Professor Haberler Yes
Professor Hansen Yes
Professor Harris Yes
Professor Leontief Yes
Professor Mason Yes
Dr. Monroe Yes
Professor Schumpeter Yes
Professor Slichter No
Dr. Taylor Yes
Professor Usher Yes
Dean Williams Yes
Professor Wilson Yes

*  *  *  *  *  *  *  *  *  *  *  *  *  *  *

Burbank’s Dissent
to Appoint for
a Five-year Term

(Copy)

February 17, 1940

Dear Dean Ferguson:

                  You are familiar with the recommendation of the Executive Committee of the Department of Economics regarding Dr. Paul Sweezy.

                  Since I voted against the recommendation which is in your hands, I should like to state the reasons for my action.

                  I strongly favor continuing the present appointment of Dr. Sweezy for two years, or voting him a five-year appointment from 1937. Either action would give him a full five-year faculty term.

                  I take this position because I believe his status should be reviewed in about two years. The members of the Executive Committee have known Sweezy for a long period. We are, or should be, altogether familiar with his work and his promise for growth and accomplishment. I place two more years rather than four or five as the better time for revision both from Sweezy’s point of view and from the point of view of the Department.

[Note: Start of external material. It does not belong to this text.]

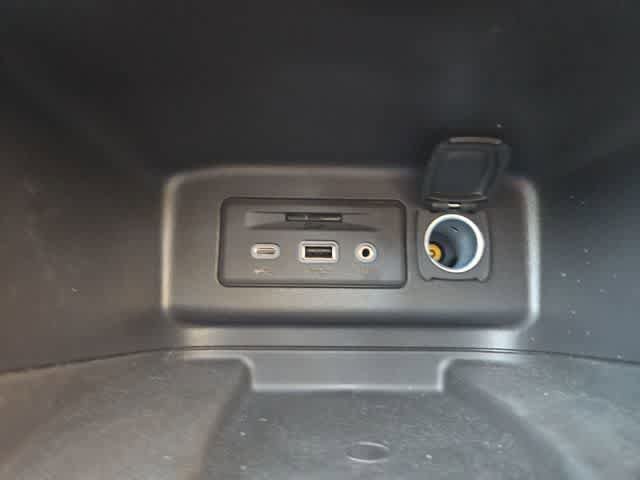 Certified 2023 Chevrolet Equinox Premier FWD image 61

                  I  have had many years of experience in placing men in other institutions. It has been our experience that it is extremely difficult to place the better men advantageously after they have passed the early thirties. In this particular category the matter of a few years is of real significance. If, in 1945, Sweezy should not be advanced, the difficulties in securing an acceptable place for him will be increased. I hope this can be avoided. I believe that the colleagues who are the principal supporters of the motion for the longer term would declare that this argument carries little or no weight. However, the fact that Dr. Sweezy has no invitations from other institutions of high standing carries very considerable weight in its bearing on this problem.

                  I was reluctant to recommend a longer appointment at this time because of my estimate of Dr. Sweezy’s promise.

                  In the immediate past men have not been advanced and have gone elsewhere who were regarded, I believe, by a majority of the members of the Committee as superior to Dr. Sweezy. There are a number of men on the ground whom I regard as more promising.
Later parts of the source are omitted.